14 News Special Report: Funding Flights - Tri-State News, Weather & Sports

14 News Special Report: Funding Flights


There's a $239 million federal program that you probably know nothing about.
People in one Tri-State community say it works and they need it. 

Because of that federal program, Owensboro travelers can fly to St. Louis for $100 round trip. 

But, is this taxpayer money well spent or just a plane waste?
Seven days a week, you can get a cheap flight from Owensboro to St. Louis.

Traveler Wayne Hughes has taken that flight several times. 

"It's very convenient to be able to fly from here to St. Louis and fly, I guess, anywhere in the world," Hughes said.

14 News decided to try the trip out, not for its convenience, but for its value. 

With more an a million and a half dollars of your money going to the Owensboro service this year, we compared the flight to the drive. 

We set a stopwatch when leaving the 14 News bureau in Owensboro.

The time running while we drove to the airport, unloaded, checked-in, and sat out the 30 minute required wait time. The clock still running while we boarded, took-off, and while we were in the air.

While one 14 News team was flying the friendly skies, 14 News photographer Kirk Duncan left from the same starting point and made the drive to St. Louis.

The 14 News members met up in the big city. The plane got there first in just over two hours. Our photographer's time, 3 hours and 49 minutes. We repeated this on our return with about the same results.

The flight does save time.

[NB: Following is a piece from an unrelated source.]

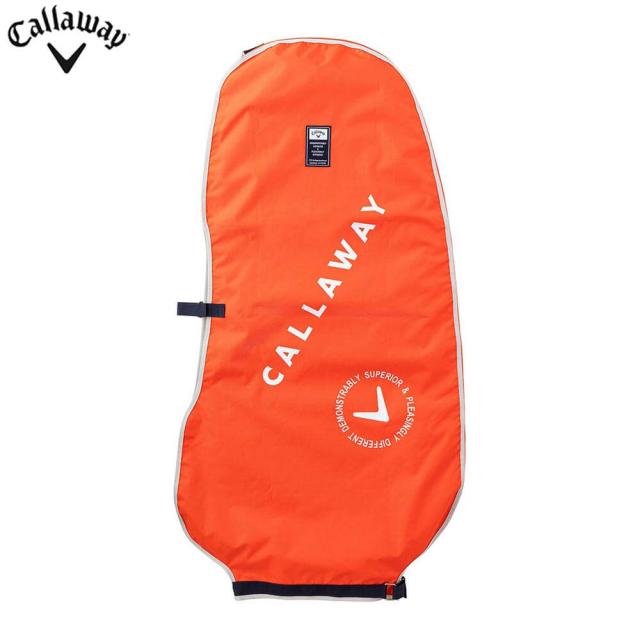 キャロウェイ ユニセックス ADVANCE アドバンス トラベルカバー 25 JM 5925225 オレンジ [2025年モデル]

But, what about its cost? 

We spent $100 on the roundtrip ticket, the drive ran us about $60 in gas. 

"We've been extremely pleased with the service Cape Air has provided to the citizens of this region," said Bob Whitmer, Owensboro Airport Manager.

Whitmer says the flights offered by Cape Air allow Owensboro to connect to the world.

"That's been one of the drawbacks for small communities for years, their inability to connect nationwide," Whitmer said.

In exchange for offering the low-cost flights, Cape Air receives payments through the government program called Essential Air Service.

EAS runs on discretionary funding approved by congress and fees charged to foreign airlines.

The program was started after deregulation in the 70s when airlines became allowed to pick and choose where they operate, many turning their backs on small airports.

"More importantly and the number one reason the Essential Air Service was put in place was for economic reasons. A community like this needs to be able to reach out. When people are coming in to consider Owensboro as an industrial site, they want to be able to fly here. They don't want to take a Greyhound bus," Whitmer said.

Essential Air Service is currently in 163 communities serving around two million Americans a year.

Department of Transportation officials estimate the subsidy-per-passenger traveling from Owensboro to St. Louis to be around $241. 

More than 3,000 passengers, like Wayne Hughes, have taken the flight within the first six months of this year.

"It's awfully convenient to just park here and get on the plane and go up there opposed to driving three hours."

Over the years, Essential Air Service has been under scrutiny and has undergone reform. 

Cape Air's Owensboro service is under contract until 2015.